Bubbling springs on the bank of the pond had made open water at several places, now that the winter frost was weakening. Out of these the beavers often came, as was plainly seen in the tracks, so the trappers approached them carefully.
They were scrutinizing one of them from behind a log, Quonab with ready gun, Rolf holding the unwilling Skookum, when the familiar broad, flat head appeared. A large beaver swam around the hole, sniffed and looked, then silently climbed the bank, evidently making for a certain aspen tree that he had already been cutting. He was in easy range, and the gunner was about to fire when Rolf pressed his arm and pointed. Here, wandering through the wood, came a large lynx.

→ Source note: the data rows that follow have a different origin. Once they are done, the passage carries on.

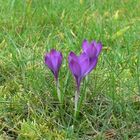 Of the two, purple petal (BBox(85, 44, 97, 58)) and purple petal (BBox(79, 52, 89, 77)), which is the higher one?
purple petal (BBox(85, 44, 97, 58))

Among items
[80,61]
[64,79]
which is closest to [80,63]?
[80,61]

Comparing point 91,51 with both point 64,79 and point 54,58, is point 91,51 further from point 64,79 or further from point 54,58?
point 64,79

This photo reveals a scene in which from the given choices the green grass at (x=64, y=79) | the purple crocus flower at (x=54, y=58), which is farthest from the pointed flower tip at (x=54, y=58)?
the green grass at (x=64, y=79)

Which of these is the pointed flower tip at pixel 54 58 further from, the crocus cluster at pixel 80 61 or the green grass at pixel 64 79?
the green grass at pixel 64 79

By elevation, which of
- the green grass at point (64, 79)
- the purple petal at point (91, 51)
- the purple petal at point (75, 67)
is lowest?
the green grass at point (64, 79)

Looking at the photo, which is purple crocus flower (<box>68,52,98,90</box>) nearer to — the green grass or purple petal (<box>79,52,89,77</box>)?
purple petal (<box>79,52,89,77</box>)

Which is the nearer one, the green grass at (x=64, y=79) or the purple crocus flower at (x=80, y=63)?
the purple crocus flower at (x=80, y=63)

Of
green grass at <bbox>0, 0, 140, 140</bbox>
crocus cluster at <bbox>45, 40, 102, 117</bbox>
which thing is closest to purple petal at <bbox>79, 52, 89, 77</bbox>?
crocus cluster at <bbox>45, 40, 102, 117</bbox>

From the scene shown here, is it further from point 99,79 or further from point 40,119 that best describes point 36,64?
point 40,119

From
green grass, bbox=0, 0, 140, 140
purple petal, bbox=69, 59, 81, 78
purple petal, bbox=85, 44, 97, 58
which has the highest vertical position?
purple petal, bbox=85, 44, 97, 58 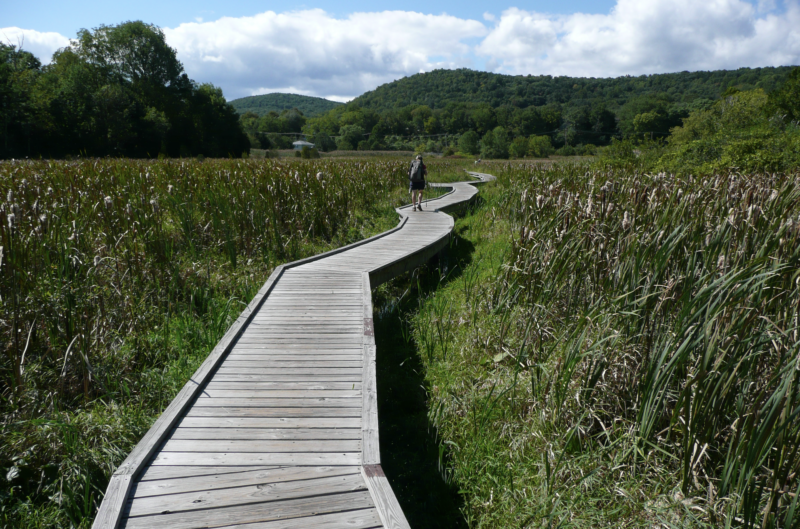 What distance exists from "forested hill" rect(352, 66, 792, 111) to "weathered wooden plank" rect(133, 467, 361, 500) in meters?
104

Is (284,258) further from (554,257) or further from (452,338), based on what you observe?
(554,257)

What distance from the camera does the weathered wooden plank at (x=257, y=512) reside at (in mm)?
1962

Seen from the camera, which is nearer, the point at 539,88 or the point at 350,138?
the point at 350,138

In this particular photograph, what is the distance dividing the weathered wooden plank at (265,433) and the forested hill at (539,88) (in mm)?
104183

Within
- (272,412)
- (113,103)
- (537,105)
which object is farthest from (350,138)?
(272,412)

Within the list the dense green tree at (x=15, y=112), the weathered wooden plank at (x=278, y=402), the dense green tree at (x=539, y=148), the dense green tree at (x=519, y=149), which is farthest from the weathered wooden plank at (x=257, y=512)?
the dense green tree at (x=519, y=149)

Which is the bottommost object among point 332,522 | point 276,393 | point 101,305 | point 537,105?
point 332,522

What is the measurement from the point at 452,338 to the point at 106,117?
35.4 metres

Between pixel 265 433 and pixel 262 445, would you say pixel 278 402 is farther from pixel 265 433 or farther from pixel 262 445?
pixel 262 445

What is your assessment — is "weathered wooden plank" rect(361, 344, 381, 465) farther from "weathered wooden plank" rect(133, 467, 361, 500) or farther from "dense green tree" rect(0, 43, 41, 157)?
"dense green tree" rect(0, 43, 41, 157)

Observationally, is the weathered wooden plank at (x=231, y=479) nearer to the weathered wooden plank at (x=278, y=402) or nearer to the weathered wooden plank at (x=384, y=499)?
the weathered wooden plank at (x=384, y=499)

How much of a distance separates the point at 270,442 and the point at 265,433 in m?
0.10

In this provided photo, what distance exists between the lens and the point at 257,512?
6.70ft

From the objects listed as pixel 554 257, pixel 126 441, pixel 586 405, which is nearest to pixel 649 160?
pixel 554 257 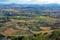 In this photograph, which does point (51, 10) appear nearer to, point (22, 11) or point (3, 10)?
point (22, 11)

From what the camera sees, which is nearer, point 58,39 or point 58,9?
point 58,39

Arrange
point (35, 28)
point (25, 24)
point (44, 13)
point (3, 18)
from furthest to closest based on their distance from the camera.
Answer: point (44, 13) < point (3, 18) < point (25, 24) < point (35, 28)

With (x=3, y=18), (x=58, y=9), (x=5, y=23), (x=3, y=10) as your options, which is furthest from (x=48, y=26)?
(x=3, y=10)

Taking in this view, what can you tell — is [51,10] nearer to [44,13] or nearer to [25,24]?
[44,13]

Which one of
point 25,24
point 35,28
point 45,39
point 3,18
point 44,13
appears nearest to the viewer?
point 45,39

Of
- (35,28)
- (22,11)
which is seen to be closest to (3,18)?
(22,11)

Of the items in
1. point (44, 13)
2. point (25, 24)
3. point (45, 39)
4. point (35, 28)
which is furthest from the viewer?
point (44, 13)

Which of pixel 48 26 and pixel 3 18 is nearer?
pixel 48 26

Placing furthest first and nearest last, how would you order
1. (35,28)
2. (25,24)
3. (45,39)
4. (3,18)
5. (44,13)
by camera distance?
1. (44,13)
2. (3,18)
3. (25,24)
4. (35,28)
5. (45,39) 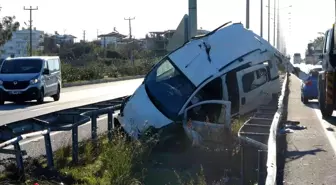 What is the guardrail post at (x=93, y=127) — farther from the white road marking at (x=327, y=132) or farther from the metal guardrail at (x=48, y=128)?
the white road marking at (x=327, y=132)

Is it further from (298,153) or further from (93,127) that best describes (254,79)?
(93,127)

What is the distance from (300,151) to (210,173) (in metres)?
2.48

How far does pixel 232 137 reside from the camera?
1068 cm

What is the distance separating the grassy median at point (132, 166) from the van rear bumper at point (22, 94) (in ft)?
46.8

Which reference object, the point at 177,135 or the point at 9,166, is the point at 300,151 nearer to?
the point at 177,135

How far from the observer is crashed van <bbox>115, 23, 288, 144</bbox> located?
10711 millimetres

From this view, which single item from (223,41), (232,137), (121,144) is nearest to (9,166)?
(121,144)

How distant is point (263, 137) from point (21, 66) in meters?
17.9

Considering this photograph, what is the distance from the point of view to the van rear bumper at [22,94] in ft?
79.5

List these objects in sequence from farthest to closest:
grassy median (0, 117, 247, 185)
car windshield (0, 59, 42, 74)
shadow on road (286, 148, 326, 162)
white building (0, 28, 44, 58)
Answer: white building (0, 28, 44, 58) < car windshield (0, 59, 42, 74) < shadow on road (286, 148, 326, 162) < grassy median (0, 117, 247, 185)

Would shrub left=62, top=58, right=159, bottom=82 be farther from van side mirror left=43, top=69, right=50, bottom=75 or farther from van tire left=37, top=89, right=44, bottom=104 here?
van tire left=37, top=89, right=44, bottom=104

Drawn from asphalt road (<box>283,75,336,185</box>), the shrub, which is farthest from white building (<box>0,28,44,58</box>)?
asphalt road (<box>283,75,336,185</box>)

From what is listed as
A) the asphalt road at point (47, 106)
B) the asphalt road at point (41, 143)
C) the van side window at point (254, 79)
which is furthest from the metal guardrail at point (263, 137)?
the asphalt road at point (47, 106)

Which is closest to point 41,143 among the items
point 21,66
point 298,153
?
point 298,153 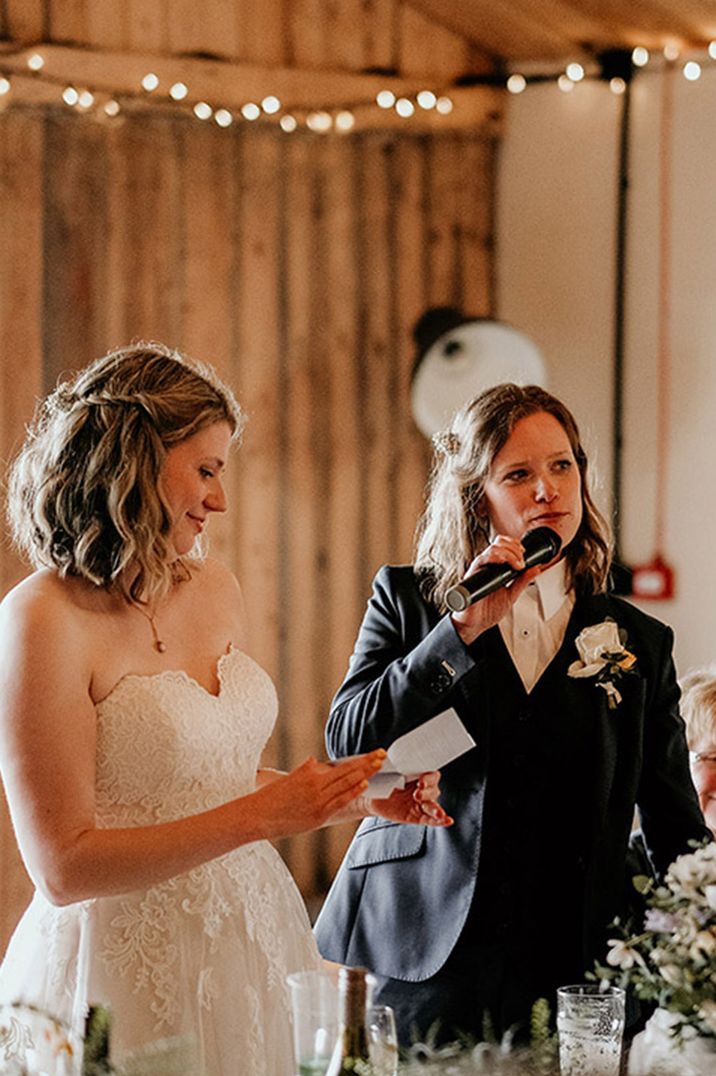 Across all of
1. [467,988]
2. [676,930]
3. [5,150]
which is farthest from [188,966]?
[5,150]

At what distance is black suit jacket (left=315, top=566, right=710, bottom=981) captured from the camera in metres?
2.38

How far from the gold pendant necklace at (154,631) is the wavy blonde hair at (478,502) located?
1.69ft

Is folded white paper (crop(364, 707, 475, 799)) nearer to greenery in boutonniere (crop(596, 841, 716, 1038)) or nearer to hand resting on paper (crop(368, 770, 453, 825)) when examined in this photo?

It had not seen or smelt any of the living creatures ahead, as yet, but speedily sighted the beaver now working away to cut down his tree.
As a pelt, the beaver was worth more than the lynx, but the naturalist is strong in most hunters, and they watched to see what would happen.
The lynx seemed to sink into the ground, and was lost to sight as soon as he knew of a possible prey ahead. And now he began his stalk. The hunters sighted him once as he crossed a level opening in the snow. He seemed less than four inches high as he crawled. Logs, ridges, trees, or twigs, afforded ample concealment, till his whiskers appeared in a thicket within fifteen feet of the beaver.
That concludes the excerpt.